I have lots of rituals when it comes to naming my characters. To begin with, I’ll scribble a lowercase and UPPERCASE alphabet in a notebook. When I come up with a first name, I’ll scratch out the lowercase letter that name begins with. I’ll do the same for the surnames with the uppercase letters.

This is to ensure that, if possible, I don’t have characters whose names begin with the same letter. Hitting names that begin with the same letter can confuse readers. Well, that happens to me (as a reader). Hey, I thought Tom was married – why’s he kissing the neighbour? And then I backtrack and find that it was actually Ted, not Tom. Tom? Ted? At the start of reading a new book where you’re orienting yourself with the world and its inhabitants, that similarity can be confusing.

Years ago, I scoured the net and compiled lists of surnames, printed them up, and divided them by nationality through a couple of folders. While you can just as easily Google surnames now, it’s efficient to be able to open up a folder, go to the nationality I want, and pick a surname. Some of these surnames have meanings, or are derived from location. That’s also something to consider when picking the right surname.

As far as the first name goes (and while I could again just Google), I own a couple books of baby names. I like to read the meanings behind names, to see if it will have any special significance for the story. Some times there’s not. But other times I pick something for the meaning, which gives the character that added layer. Readers may never know it, but I know it’s there.

Sometimes, it’s just about feel. For Just Another Week in Suburbia, I wanted a name for the protagonist that was a little bit unusual, but without striking (i.e. memorable) connotations. ‘Gray’ was chosen as a surname because it wasn’t as strong as black or white, but something in the middle – something potentially bland. Nobody paints their house grey, or buys a grey car, or does anything in grey. And ‘Casper’? He was named after Casper the Friendly Ghost, because as a character that’s who he was – invisible and inoffensive within his own world.

His wife actually started the book as ‘Melissa’. But as I wrote the early chapters, that just didn’t feel right. I didn’t picture her as a ‘Melissa’. So, through the powers of FIND & REPLACE she became ‘Jane’. Now that felt like who she was meant to be. The only problem was that one of Casper’s best friends was named ‘Dane’. It could’ve been idiosyncratic for Casper to have a ‘Jane’ and a ‘Dane’ in his life, both close to him, but I decided that it would become distracting. So ‘Dane’ became ‘Luke’.

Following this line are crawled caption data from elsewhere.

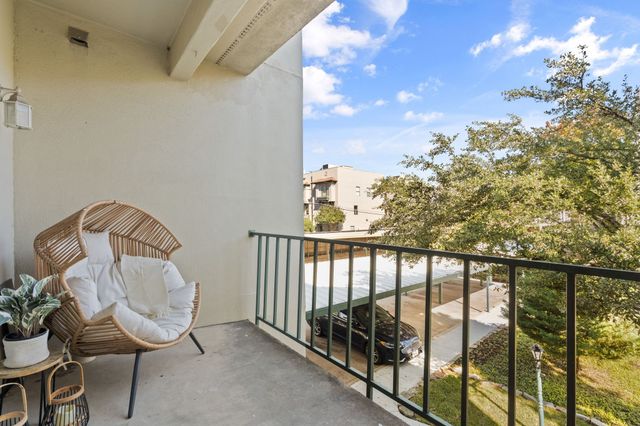 3105 San Jacinto Street 201, Dallas, TX 75204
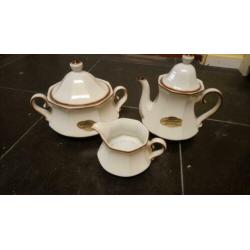 Bavaria Winterling servies, theepot, melkkan. Goede staat!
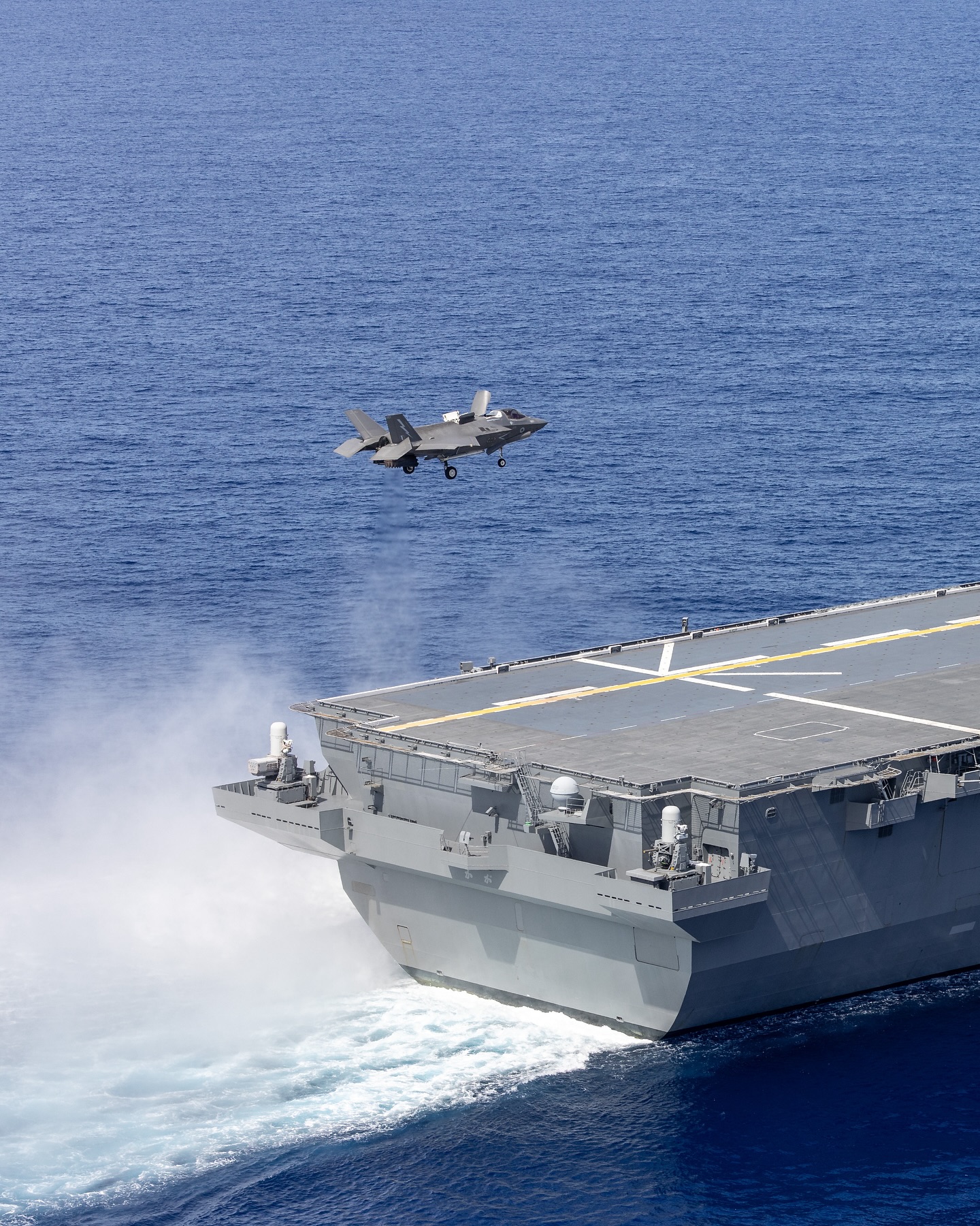 Британський F-35B вперше в історії здійснив посадку на японський авіаносець JS Kaga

In August Falling the protagonist’s name is ‘August’, which (in Latin) bears the meaning of ‘majestic’ and ‘venerable’ – these are things that August isn’t. In fact, he’s the opposite. But I liked the irony of this character who had the majesty of this name, but was flawed, vulnerable, and doubting.

With the novel I’m currently writing, the character’s name is ‘Luke’ (yes, the Luke from Just Another Week in Suburbia). Although that was predetermined (thanks to Just Another Week in Suburbia), it felt right – a simple but strong name that feels like it belongs to somebody who could withstand a tremendous assault (without trying to give the story away).

My own name has been abbreviated to ‘Les Zig’ for simplicity. I would’ve liked something exotic for my first name, like ‘Lazaros’, but as a handle ‘Les Zig’ will do just fine.

Names – they’re simple things, but mean everything.